-- What to produce --
Your output should be everything below from the line containing "between the ..." down to the line containing "TurboLoop trust &", both ends included, copied exactly, with pictures left out.

-- Given records --
........

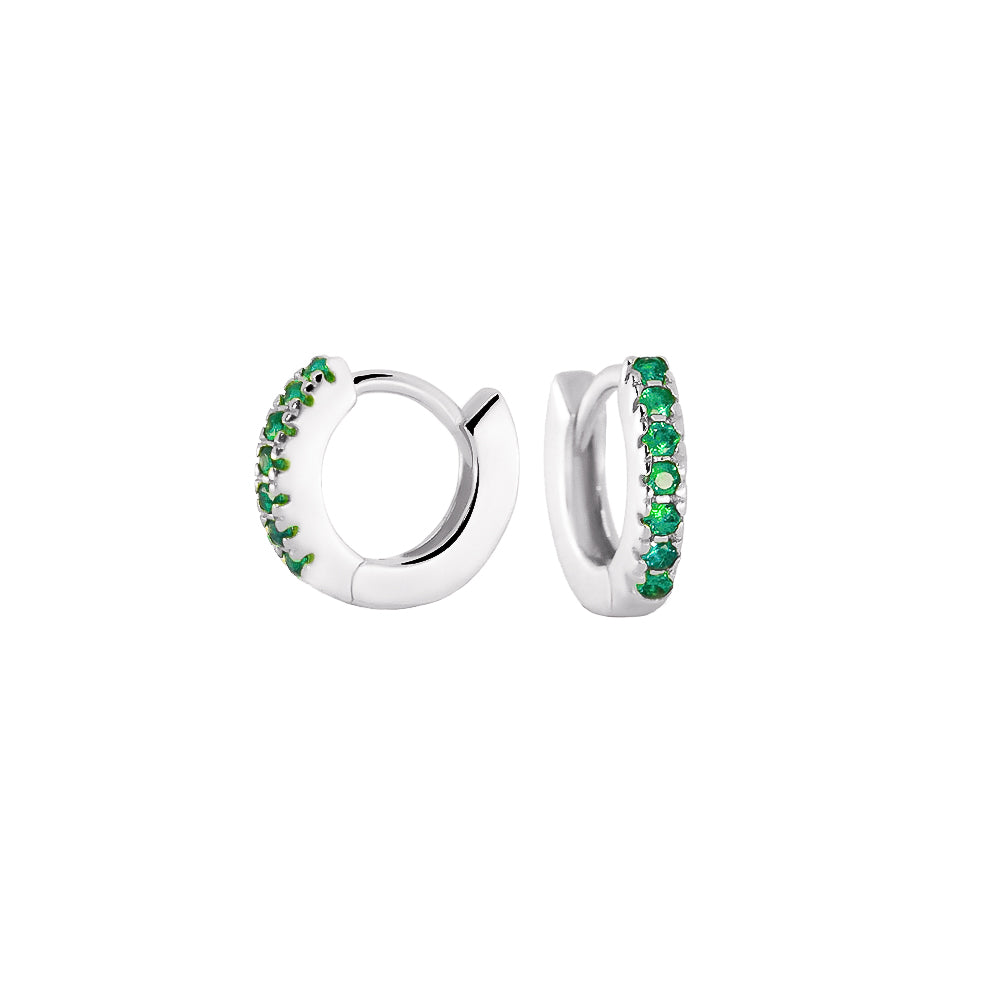 Pendientes Hale Bopp Emerald Silver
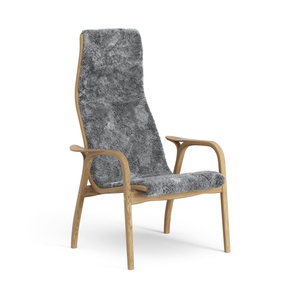 Swedese Lamino Fauteuil Hoog Geoliede Eiken/Scandinavisch Grijs/Schapenvacht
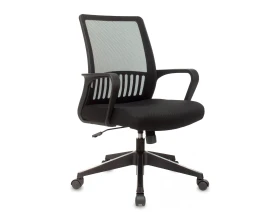 Кресло Бюрократ MC-201 Сетка/ Ткань, Черный images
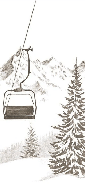 Papier peint immersion Alpine Sépia - Muralconcept
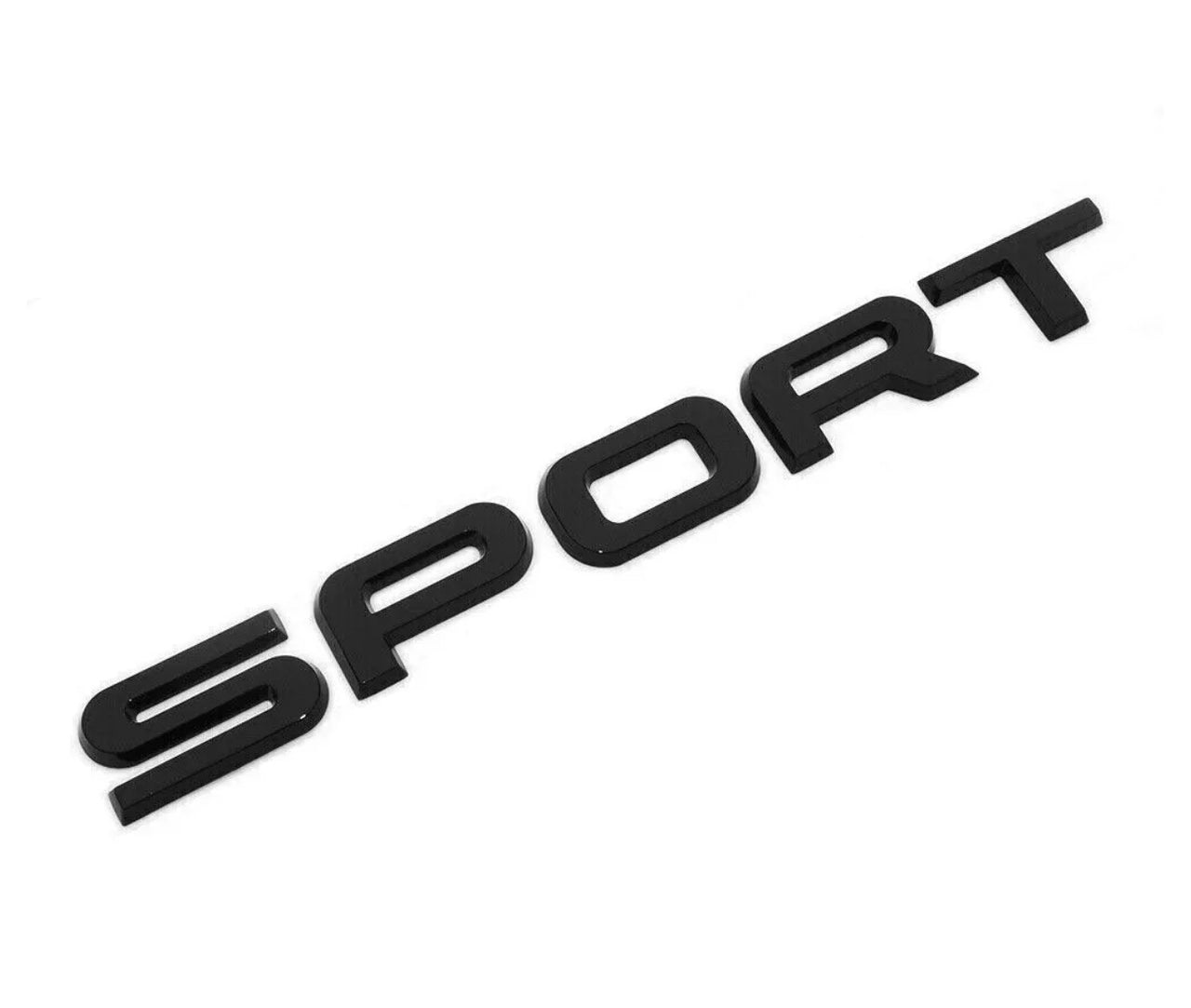 Gloss Black Rear Sport Badge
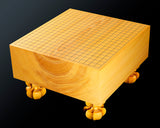 八街碁盤店 盤師 三浦勝巳製作 日本産本榧脚付碁盤 木裏 5.3寸 ＊歯車盛り仕上げ No.70002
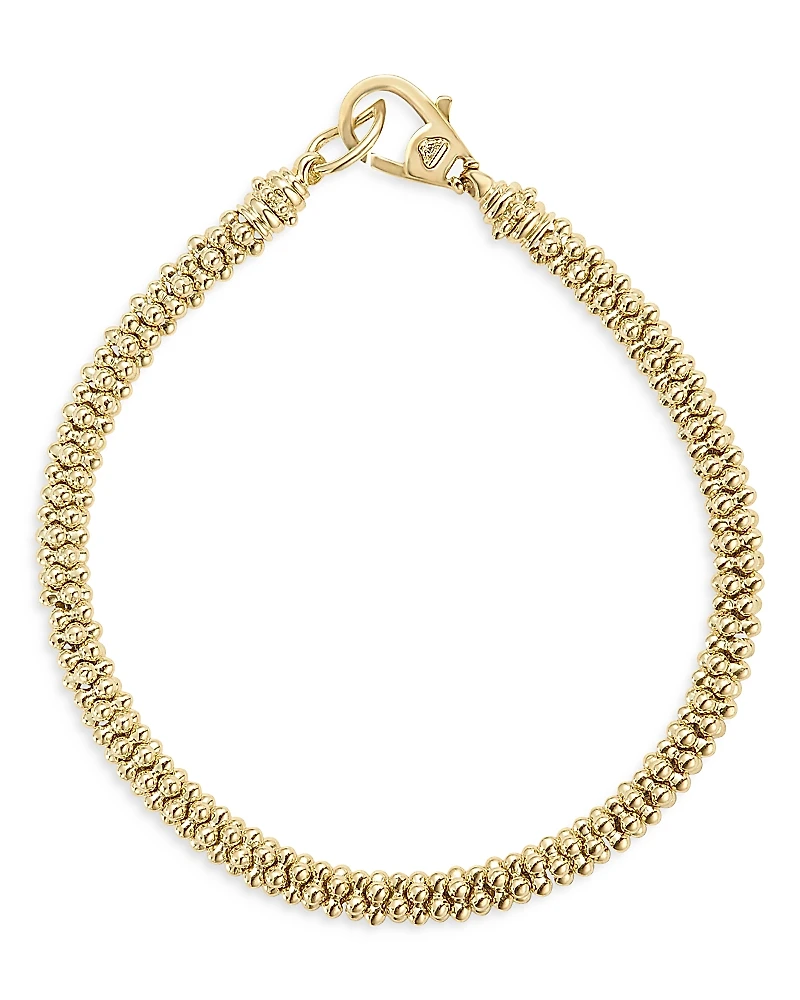 Lagos 18K Yellow Gold Caviar Basic Beaded Bracelet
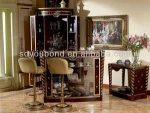 Special design 0026 classic wooden furniture antique bar set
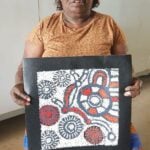 Nellie Marks Nakamarra Aboriginal Art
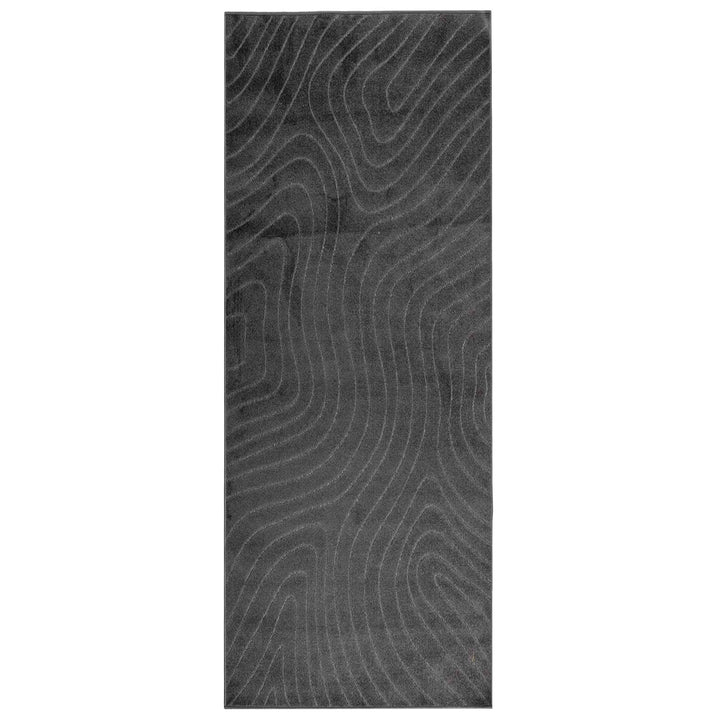 Områdetæpper Rektangulær PALMERAS Antracit 200 x 80 cm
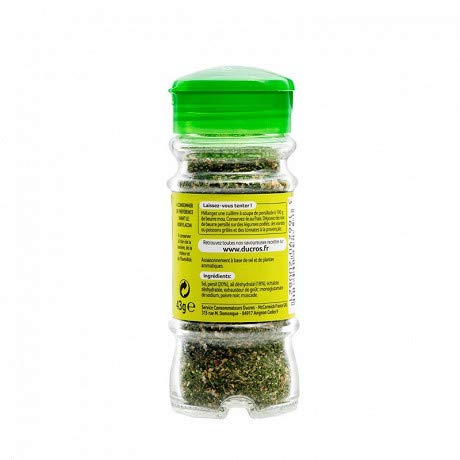DUCROS - Persillade À Escargots 43G - Lot De 4 - livraison offerte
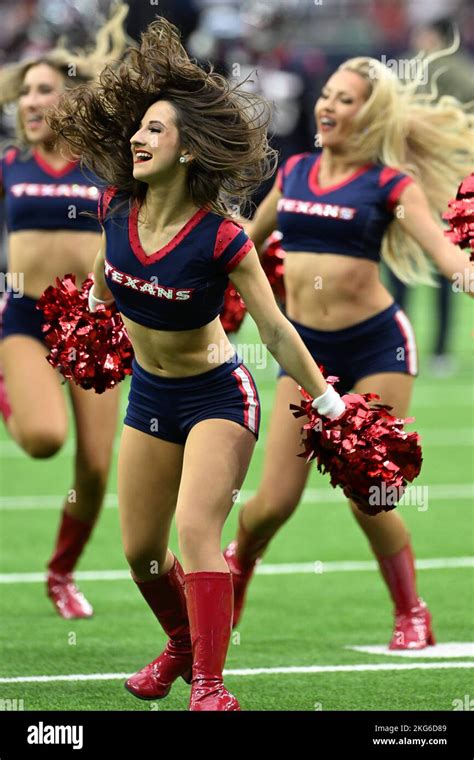 Houston Texans Cheerleaders during the NFL Football Game between the ...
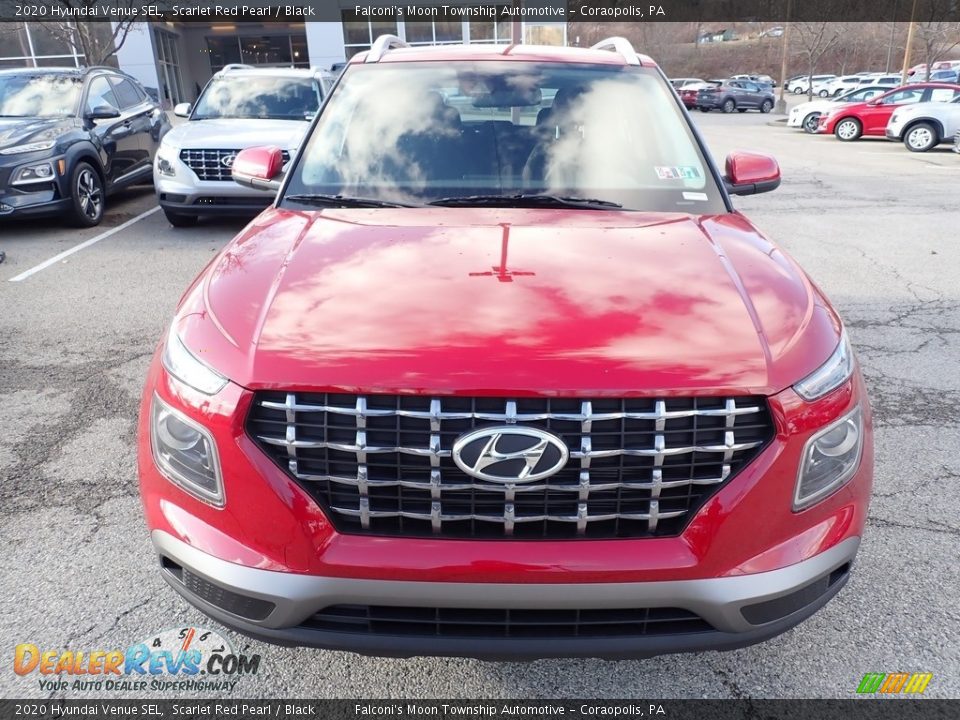 2020 Hyundai Venue SEL Scarlet Red Pearl / Black Photo #4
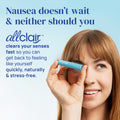 Allclair Nausea Relief Inhaler - Natural, Drug-Free, Non-Drowsy, Portable (Pack of 2)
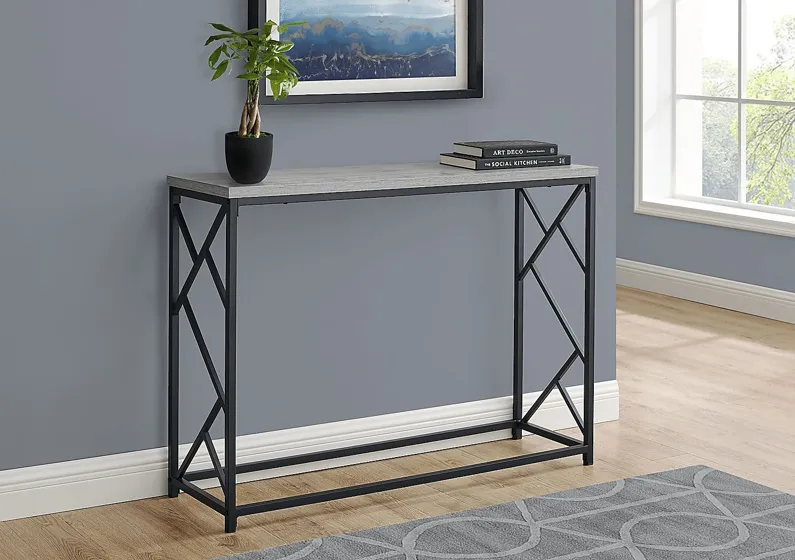 Ambur Gray Console Table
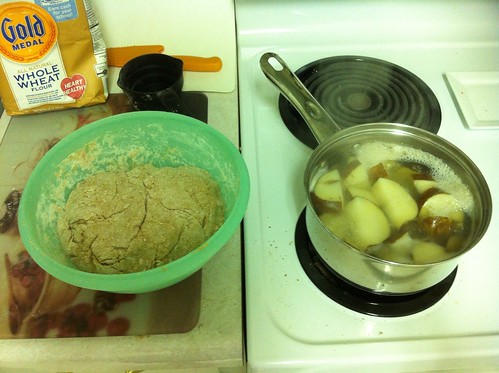 Paratha Dough & Boiled Potatoes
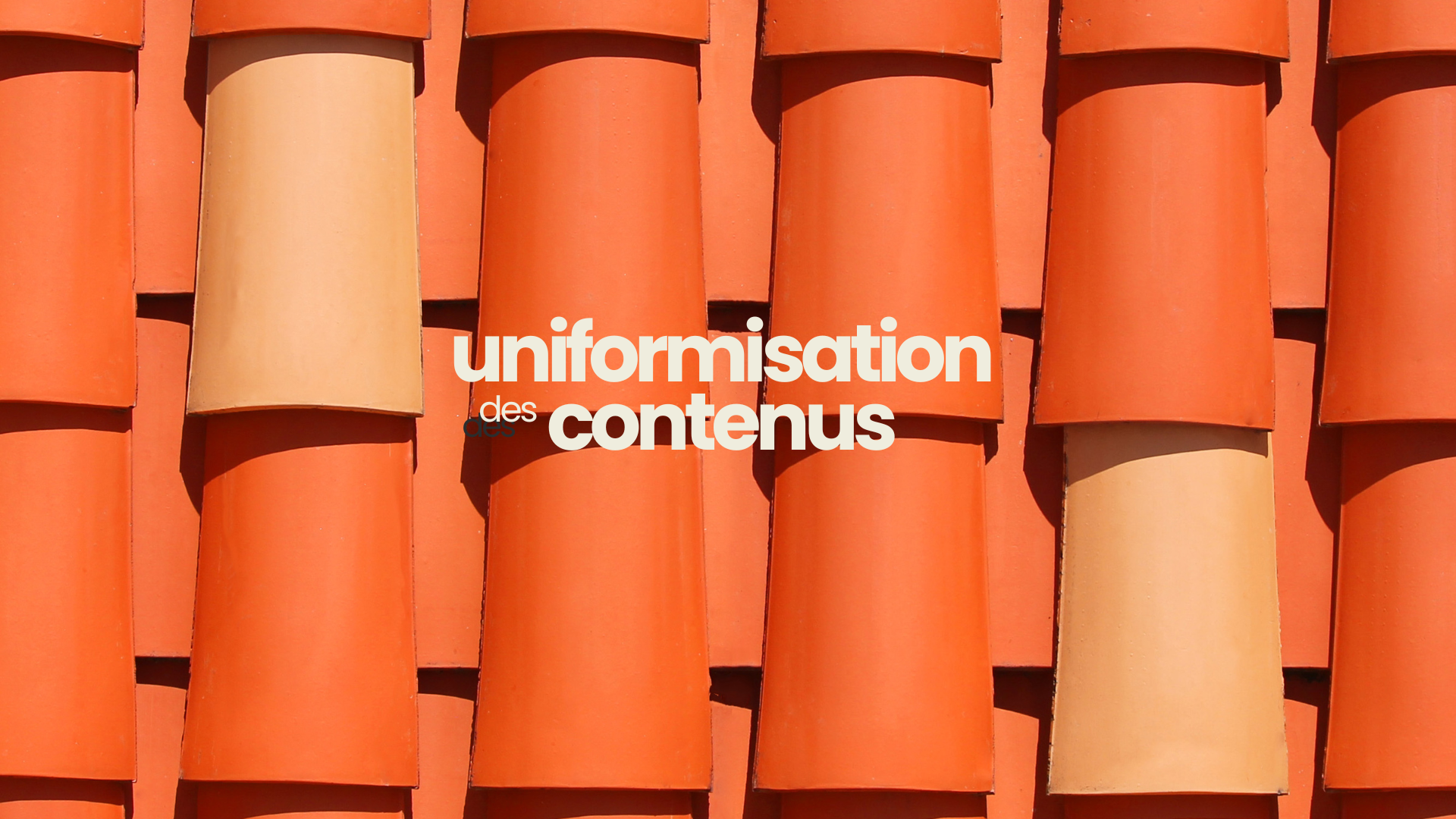 uniformisation des contenus sur les réseaux sociaux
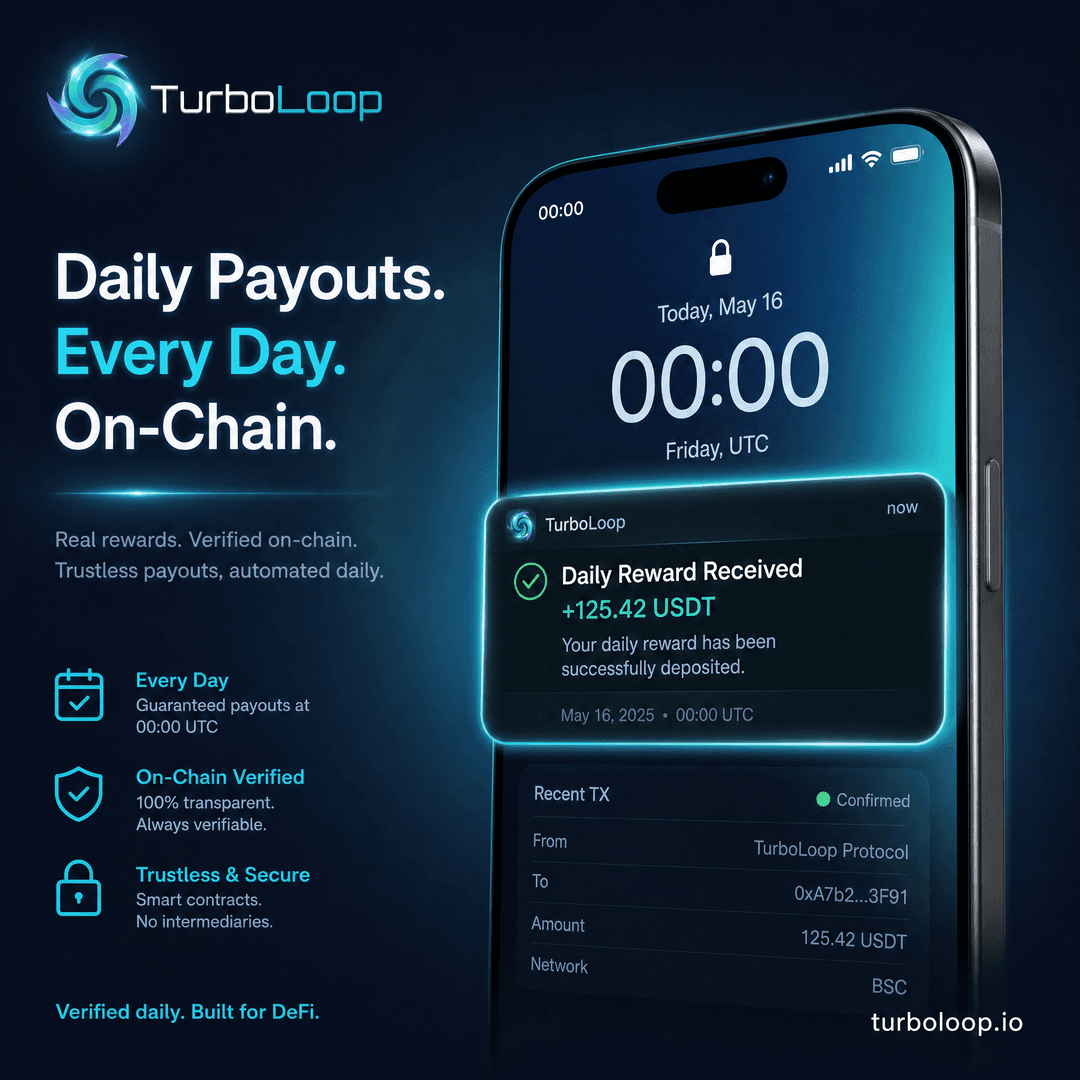 TurboLoop trust & transparency — Objection Daily Payout Real
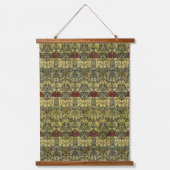 Morris 1890 Tulp & Roos Pattern Golden Hangend Wandkleed (Voorkant)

........

-- Solution for this exercise --
 Houston Texans Cheerleaders during the NFL Football Game between the ...
 2020 Hyundai Venue SEL Scarlet Red Pearl / Black Photo #4
 Allclair Nausea Relief Inhaler - Natural, Drug-Free, Non-Drowsy, Portable (Pack of 2)
 Ambur Gray Console Table
 Paratha Dough & Boiled Potatoes
 uniformisation des contenus sur les réseaux sociaux
 TurboLoop trust & transparency — Objection Daily Payout Real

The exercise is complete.